Shoveling snow

The snow-shoveling I've been taking part in over the last couple of weeks is best described with a set of graphs:

openSUSE boot time improvements on netbook

So far, we've been able to lop about 23 seconds – or 48% – off the time it takes to boot openSUSE 11.1 on this particular netbook, without sacrificing much in the way of functionality. It boots straight into GNOME and its usual trappings, including the panel, Nautilus, "slab" main menu, nm-applet, PackageKit updater, printing applet (written in Python…), CUPS, etc.

It's important to note that this time is measured from the moment bootchart starts until everything settles and is ready to use, easily identified in the chart as the moment where CPU activity falls to the baseline of noise from bootchartd itself.
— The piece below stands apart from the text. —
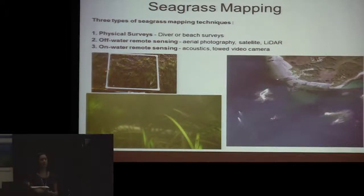Off-water remote sensing like aerial imagery, LIDAR, and satellite imagery can be a powerful tool for mapping seagrass, but it can be hindered by atmospheric conditions, clouds, haze, or suspended sediments increasing turbidity. And the deep edges of beds are really hard to see. In Portsmouth Harbor, you can distinguish dark vegetated areas from lighter sandy areas in the shallows, but as you go offshore, that boundary becomes unclear because of how light attenuates in the water column. In those situations, you want to use on-water remote sensing like acoustics and towed video systems.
It's also important to note that this is on a netbook with a slow CPU, slow-to-init X driver/graphics hardware and fast SSD I/O. I'm hearing a lot of numbers being bandied about these days, e.g. "distribution Foo boots in 10 seconds", and these numbers are meaningless without hardware specifications and a list of features you get. GNOME delivers a different feature set from Xfce, and netbooks and workstations usually perform very differently. Then there are questions of flexibility; is the system open-ended? Can you get server features by just installing packages and configuring them?

IMO, openSUSE has had unacceptable boot times on workstations for a long time now. Hopefully these changes will make it into future releases, upstream where possible.